How to complete this task —
Copy the lines below, please, starting with the one that contains "Кнопки на руль TLX 14-17 2016 2.4 K24W7" and ending with the last. Pictures stay out.

-- Information supplied follows --

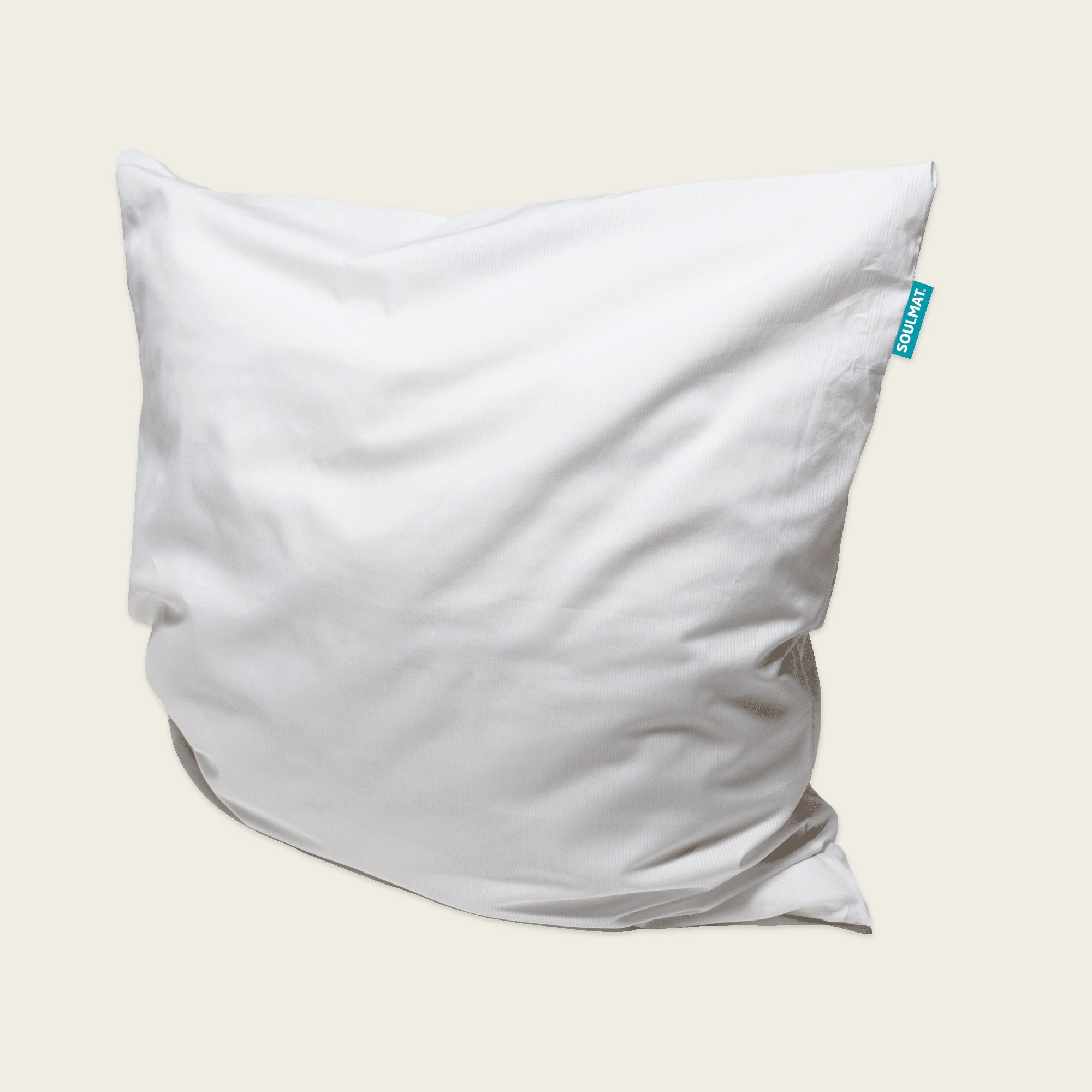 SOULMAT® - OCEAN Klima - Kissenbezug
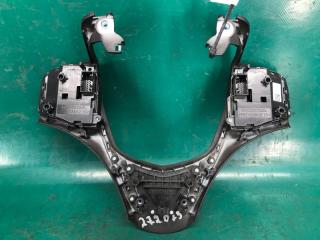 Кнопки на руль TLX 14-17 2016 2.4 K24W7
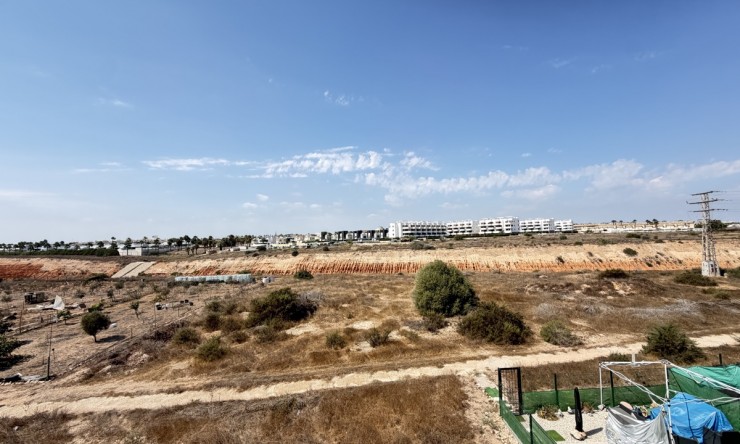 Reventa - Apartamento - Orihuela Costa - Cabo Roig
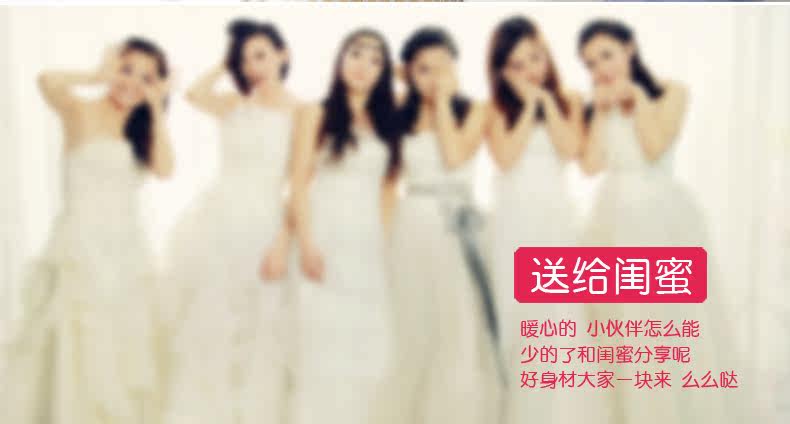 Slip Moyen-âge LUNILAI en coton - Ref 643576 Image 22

-- Information supplied concluded --

Your response —
 Кнопки на руль TLX 14-17 2016 2.4 K24W7
 Reventa - Apartamento - Orihuela Costa - Cabo Roig
 Slip Moyen-âge LUNILAI en coton - Ref 643576 Image 22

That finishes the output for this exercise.